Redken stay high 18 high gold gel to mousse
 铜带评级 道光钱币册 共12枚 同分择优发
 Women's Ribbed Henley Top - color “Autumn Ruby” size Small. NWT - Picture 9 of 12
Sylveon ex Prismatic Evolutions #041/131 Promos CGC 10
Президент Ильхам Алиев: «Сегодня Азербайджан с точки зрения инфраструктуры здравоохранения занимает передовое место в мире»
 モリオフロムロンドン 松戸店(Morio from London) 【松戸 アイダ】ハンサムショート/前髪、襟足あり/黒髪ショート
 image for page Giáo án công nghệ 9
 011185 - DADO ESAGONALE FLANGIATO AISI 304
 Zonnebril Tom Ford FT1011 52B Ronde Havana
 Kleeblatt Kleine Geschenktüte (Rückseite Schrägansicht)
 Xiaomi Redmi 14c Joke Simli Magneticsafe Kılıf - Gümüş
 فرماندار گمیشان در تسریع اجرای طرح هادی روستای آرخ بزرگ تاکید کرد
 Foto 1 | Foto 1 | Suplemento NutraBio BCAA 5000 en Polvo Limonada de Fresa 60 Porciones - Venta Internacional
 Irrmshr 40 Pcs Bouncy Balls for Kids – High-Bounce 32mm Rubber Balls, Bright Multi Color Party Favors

**Task details:** Word for word, copy out all the data given above.

**Task solution:**
Redken stay high 18 high gold gel to mousse
 铜带评级 道光钱币册 共12枚 同分择优发
 Women's Ribbed Henley Top - color “Autumn Ruby” size Small. NWT - Picture 9 of 12
Sylveon ex Prismatic Evolutions #041/131 Promos CGC 10
Президент Ильхам Алиев: «Сегодня Азербайджан с точки зрения инфраструктуры здравоохранения занимает передовое место в мире»
 モリオフロムロンドン 松戸店(Morio from London) 【松戸 アイダ】ハンサムショート/前髪、襟足あり/黒髪ショート
 image for page Giáo án công nghệ 9
 011185 - DADO ESAGONALE FLANGIATO AISI 304
 Zonnebril Tom Ford FT1011 52B Ronde Havana
 Kleeblatt Kleine Geschenktüte (Rückseite Schrägansicht)
 Xiaomi Redmi 14c Joke Simli Magneticsafe Kılıf - Gümüş
 فرماندار گمیشان در تسریع اجرای طرح هادی روستای آرخ بزرگ تاکید کرد
 Foto 1 | Foto 1 | Suplemento NutraBio BCAA 5000 en Polvo Limonada de Fresa 60 Porciones - Venta Internacional
 Irrmshr 40 Pcs Bouncy Balls for Kids – High-Bounce 32mm Rubber Balls, Bright Multi Color Party Favors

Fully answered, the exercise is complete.